Deslicé mi mano hacia su rostro, acariciando su pálida piel. Intenté salvar algo, cualquier rastro del afecto que una vez compartimos.
Pero era difícil.
La distancia entre nosotros ahora parecía un abismo, y por mucho que me esforzara, parecía que Seraphina ya estaba demasiado lejos.
Mis dedos se deslizaron suavemente por su cuello, rozando los moretones que le había dejado.
Un dolor agudo me atravesó el pecho, como si cada roce me recordara lo mucho que la había herido, no solo físicamente, sino también emocionalmente.
«Perdóname…», murmuré, con cada palabra impregnada de sinceridad.
Mi corazón se sentía pesado, dolorido ante la escena que tenía ante mí.
«No volveré a hacerte esto nunca más».
Promesas que me resultaban fáciles, pero que no estaba seguro de poder cumplir.
Seraphina colocó su mano sobre la mía, apartándola de su cuello con sus delicados dedos.
Nuestras miradas se cruzaron.
Y en lo más profundo de su mirada dorada, vi el dolor que le había causado.
Un dolor que dudaba que desapareciera por completo.
Había creado una fractura en ella, una grieta que tal vez nunca se curaría.
«Buena suerte con tu humana, Caelum…», dijo con amargura, con una voz teñida de una tristeza más profunda que cualquier cuchillo.
«Veamos cuánto dura».
Sus palabras quedaron suspendidas en el aire como un veneno suave, como una maldición.
Antes de que pudiera responder, un ruido en la puerta nos interrumpió.
—Mi reina. Su Majestad —anunció Asher respetuosamente, evitando cuidadosamente la tensión que llenaba claramente el espacio entre Seraphina y yo.
Seraphina aprovechó la interrupción para apartarse, como si el contacto que acabábamos de compartir fuera una carga demasiado pesada para seguir soportándola.

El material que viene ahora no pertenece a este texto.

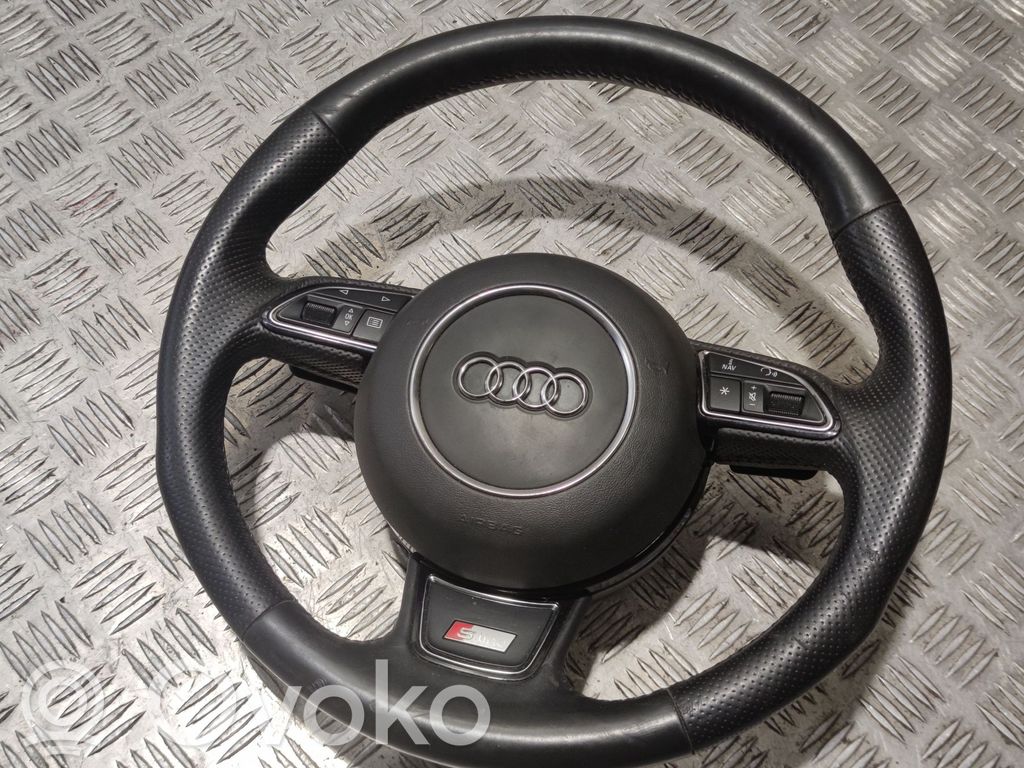 Ohjauspyörä   616428450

Se cruzó con Asher sin mirarlo siquiera y se dirigió hacia la salida.
La puerta se cerró tras Seraphina y, de repente, la habitación se quedó vacía. Solo quedábamos Asher, Aria y yo, rodeados por un pesado silencio que se aferraba como un sudario de sombras.
—Sí, Asher, ¿qué pasa? —pregunté, obligándome a recuperar la postura de un rey y dejando a un lado, por un momento, las heridas que acababan de reabrirse.
—Se trata del tirador, Majestad. Lo hemos encontrado —anunció Asher con cuidadosa formalidad, aunque había algo en su tono, un ligero temblor, que sugería que la noticia no era tan sencilla como parecía.
Sus palabras me oprimieron el pecho. Miré a Aria, que seguía tumbada en la cama, con la respiración ligera y frágil, y volví a fijar la mirada en Asher.